El ministro de Seguridad, Maximiliano Pullaro, en el desarmadero ilegal.

Cientos de toneladas de autopartes de un desarmadero ilegal que funcionaba en la ciudad. y cuyas piezas fueron incautadas por la Justicia Penal, finalmente fueron compactadas. Lo que quedó disponible de la compactación (alrededor de 200 toneladas de metal) será vendido y lo recaudado será destinado a fines sociales y también se prevé donar bienes a entidades civiles.

Se estima que entre los bienes incautados en este desarmadero había 220 chasis y 200 mil autopartes.

De la actividad participaron el ministro de Seguridad, Maximiliano Pullaro, y el referente de la Agencia Provincial de Registro, Administración y Destino de Bienes y Derechos Patrimoniales (Aprad), Matías Figueroa Escauriza.

El gobierno provincial percibirá fondos que se destinarán con prioridad a escuelas, hospitales y clubes de barrio. Además de las 200 toneladas de metal, hay trece motores que se donarán a escuelas técnicas para mejorar sus talleres y darles mayores herramientas de aprendizaje a los alumnos, y un auto Chevy de colección, de la década de 1960, que tendrá como destino un museo para que lo restaure y lo exhiba.

Tras la actividad, Pullaro dijo: “Somos la primera provincia que le saca los bienes al delito y los pone a disposición de instituciones de bien.

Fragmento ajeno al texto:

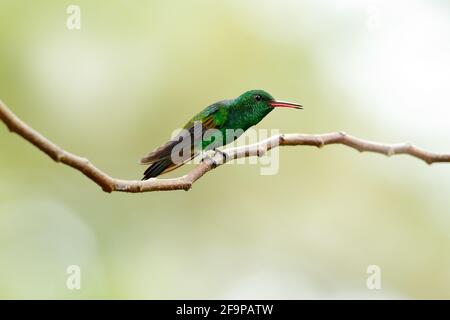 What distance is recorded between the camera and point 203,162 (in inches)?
97.7

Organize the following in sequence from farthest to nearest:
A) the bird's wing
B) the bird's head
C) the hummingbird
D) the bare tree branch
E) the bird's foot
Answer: the bird's head < the hummingbird < the bird's wing < the bird's foot < the bare tree branch

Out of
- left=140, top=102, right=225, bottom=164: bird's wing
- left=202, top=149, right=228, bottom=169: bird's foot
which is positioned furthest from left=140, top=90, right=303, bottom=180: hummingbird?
left=202, top=149, right=228, bottom=169: bird's foot

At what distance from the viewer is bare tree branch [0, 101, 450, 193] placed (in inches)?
59.7

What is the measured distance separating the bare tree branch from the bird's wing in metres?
0.22

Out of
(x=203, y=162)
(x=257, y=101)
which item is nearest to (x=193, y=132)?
(x=257, y=101)

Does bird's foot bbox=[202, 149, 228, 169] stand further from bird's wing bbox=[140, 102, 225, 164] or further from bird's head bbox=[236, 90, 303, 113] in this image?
bird's head bbox=[236, 90, 303, 113]

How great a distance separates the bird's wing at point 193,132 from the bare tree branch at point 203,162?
0.22 meters

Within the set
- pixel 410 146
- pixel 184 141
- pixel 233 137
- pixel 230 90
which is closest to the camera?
pixel 410 146

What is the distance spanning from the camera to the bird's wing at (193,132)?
2633mm

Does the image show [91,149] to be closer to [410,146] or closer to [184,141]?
[184,141]

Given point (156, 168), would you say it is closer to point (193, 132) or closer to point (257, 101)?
point (193, 132)

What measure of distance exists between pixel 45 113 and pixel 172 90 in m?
1.48

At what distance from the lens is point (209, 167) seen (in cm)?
238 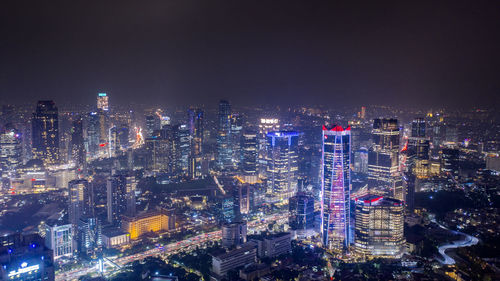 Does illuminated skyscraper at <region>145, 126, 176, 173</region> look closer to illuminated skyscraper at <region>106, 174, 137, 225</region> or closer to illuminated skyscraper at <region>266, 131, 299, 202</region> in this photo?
illuminated skyscraper at <region>266, 131, 299, 202</region>

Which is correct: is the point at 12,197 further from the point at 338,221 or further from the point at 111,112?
the point at 338,221

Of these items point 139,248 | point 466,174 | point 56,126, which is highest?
point 56,126

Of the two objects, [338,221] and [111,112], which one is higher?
[111,112]

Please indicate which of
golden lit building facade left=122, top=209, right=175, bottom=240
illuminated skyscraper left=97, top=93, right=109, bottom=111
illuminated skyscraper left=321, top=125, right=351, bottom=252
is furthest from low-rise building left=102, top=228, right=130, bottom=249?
→ illuminated skyscraper left=97, top=93, right=109, bottom=111

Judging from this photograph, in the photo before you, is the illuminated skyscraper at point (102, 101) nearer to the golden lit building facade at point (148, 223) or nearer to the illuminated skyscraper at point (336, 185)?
the golden lit building facade at point (148, 223)

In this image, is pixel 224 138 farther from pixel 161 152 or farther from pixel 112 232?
pixel 112 232

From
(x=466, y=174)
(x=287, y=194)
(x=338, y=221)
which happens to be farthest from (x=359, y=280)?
(x=466, y=174)

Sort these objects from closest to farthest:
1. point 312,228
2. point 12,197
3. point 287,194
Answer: point 312,228
point 12,197
point 287,194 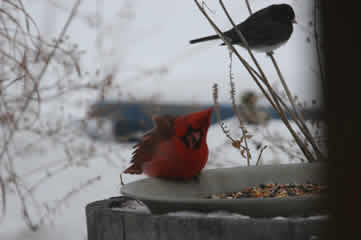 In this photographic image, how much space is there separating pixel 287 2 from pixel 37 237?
1116 millimetres

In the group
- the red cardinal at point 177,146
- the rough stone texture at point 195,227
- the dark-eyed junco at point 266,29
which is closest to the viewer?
the rough stone texture at point 195,227

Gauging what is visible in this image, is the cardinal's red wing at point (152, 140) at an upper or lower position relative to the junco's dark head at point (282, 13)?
lower

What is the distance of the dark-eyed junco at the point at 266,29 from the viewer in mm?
764

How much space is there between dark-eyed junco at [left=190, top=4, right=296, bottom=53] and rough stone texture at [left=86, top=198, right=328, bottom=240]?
35cm

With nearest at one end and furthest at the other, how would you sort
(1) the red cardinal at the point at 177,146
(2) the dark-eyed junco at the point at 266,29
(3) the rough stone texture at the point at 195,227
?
1. (3) the rough stone texture at the point at 195,227
2. (1) the red cardinal at the point at 177,146
3. (2) the dark-eyed junco at the point at 266,29

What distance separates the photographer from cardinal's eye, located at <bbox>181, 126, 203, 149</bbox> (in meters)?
0.62

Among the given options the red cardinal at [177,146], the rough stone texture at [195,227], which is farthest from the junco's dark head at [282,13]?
the rough stone texture at [195,227]

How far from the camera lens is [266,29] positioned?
76 cm

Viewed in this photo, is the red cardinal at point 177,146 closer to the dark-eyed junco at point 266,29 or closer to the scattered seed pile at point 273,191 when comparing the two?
the scattered seed pile at point 273,191

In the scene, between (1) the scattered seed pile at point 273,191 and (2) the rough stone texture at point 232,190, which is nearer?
(2) the rough stone texture at point 232,190

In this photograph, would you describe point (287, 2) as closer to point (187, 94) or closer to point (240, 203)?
point (240, 203)

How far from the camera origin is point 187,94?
1.85m

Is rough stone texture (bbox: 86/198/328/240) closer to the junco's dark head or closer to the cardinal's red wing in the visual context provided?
the cardinal's red wing

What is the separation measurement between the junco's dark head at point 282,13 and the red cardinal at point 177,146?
0.91ft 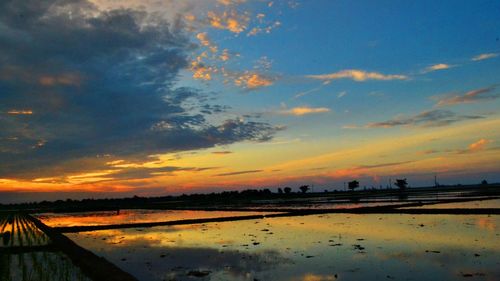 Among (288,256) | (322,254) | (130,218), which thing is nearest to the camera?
(288,256)

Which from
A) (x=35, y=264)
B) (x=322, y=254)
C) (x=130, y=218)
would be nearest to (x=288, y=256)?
(x=322, y=254)

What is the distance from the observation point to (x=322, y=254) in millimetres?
12992

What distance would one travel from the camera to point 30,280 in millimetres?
10523

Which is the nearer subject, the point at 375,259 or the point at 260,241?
the point at 375,259

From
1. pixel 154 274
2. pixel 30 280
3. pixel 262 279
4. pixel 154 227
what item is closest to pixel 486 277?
pixel 262 279

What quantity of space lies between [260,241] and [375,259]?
20.1ft

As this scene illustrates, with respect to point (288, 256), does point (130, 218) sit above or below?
below

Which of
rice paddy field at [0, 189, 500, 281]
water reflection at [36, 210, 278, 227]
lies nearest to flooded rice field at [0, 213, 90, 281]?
rice paddy field at [0, 189, 500, 281]

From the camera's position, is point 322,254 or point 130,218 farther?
point 130,218

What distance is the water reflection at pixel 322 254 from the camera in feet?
33.0

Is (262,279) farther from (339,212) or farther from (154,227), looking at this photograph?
(339,212)

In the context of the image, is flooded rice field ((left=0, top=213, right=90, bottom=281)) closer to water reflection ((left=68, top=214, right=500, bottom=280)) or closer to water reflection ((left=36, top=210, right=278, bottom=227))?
water reflection ((left=68, top=214, right=500, bottom=280))

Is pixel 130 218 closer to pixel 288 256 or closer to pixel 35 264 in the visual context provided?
pixel 35 264

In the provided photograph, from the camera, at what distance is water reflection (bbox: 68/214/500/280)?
10062 millimetres
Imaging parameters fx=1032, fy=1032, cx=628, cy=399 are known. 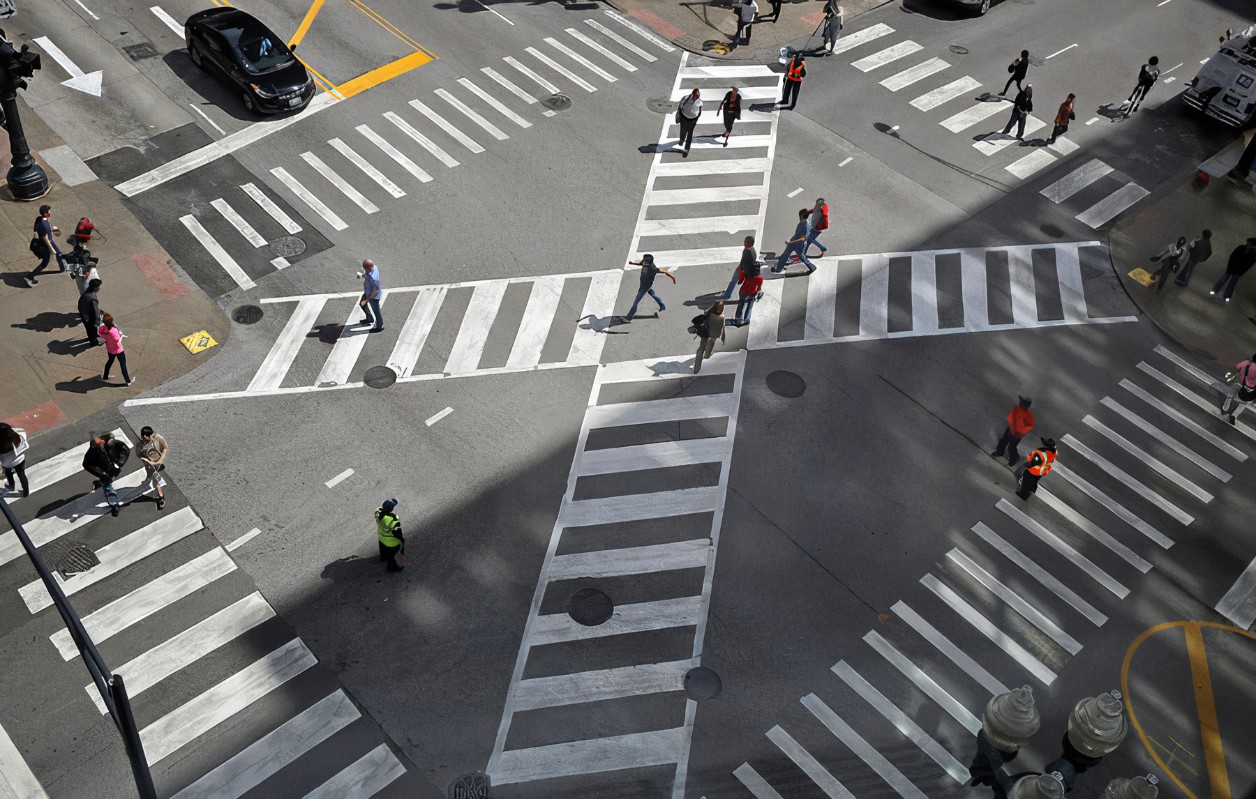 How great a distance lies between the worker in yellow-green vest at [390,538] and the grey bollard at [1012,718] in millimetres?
9958

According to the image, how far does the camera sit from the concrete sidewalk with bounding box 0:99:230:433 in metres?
21.4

Por supuesto que el Estado no tiene la capacidad de vender las autopartes, pero sí de compactarlas y de donar ese dinero, fundamentalmente a la educación”.

A su vez, Figueroa Escauriza manifestó: “Con esta acción, le seguimos pegando al delito donde más le duele, que es en su poder económico. Para que todas estas piezas no vuelvan al circuito ilegal, las compactamos”.

n cuanto a lo que se obtenga de ese proceso, el funcionario de la Aprad aseveró: “Se comprarán elementos para escuelas públicas de Rosario, para dárselas a los estudiantes. Por ejemplo, computadoras o tablets”.

A las compactaciones se suman las subastas de automotores que se harán a principios de octubre en el marco de la Aprad y las cuatro casas expropiadas en Melincué, que pertenecían a una red de prostitución y en junio pasado fueron escrituradas a nombre de la provincia.

La Aprad, inaugurada en julio, se hace cargo de la custodia y destino final de los bienes decomisados. “Estos elementos van a ser destruidos a través de la compactación o posterior fundición, lo cual posibilita que sean reutilizados como materia prima en la industria del metal”, sumó Figueroa Escauriza.

La empresa que realiza los trabajos de limpieza y separación de residuos, corte, compactación y transporte de los bloques de chatarra al destino de disposición final, donde serán fundidos y reutilizados en nuevos procesos productivos, le paga al Ministerio de Justicia y Derechos Humanos por esa materia prima.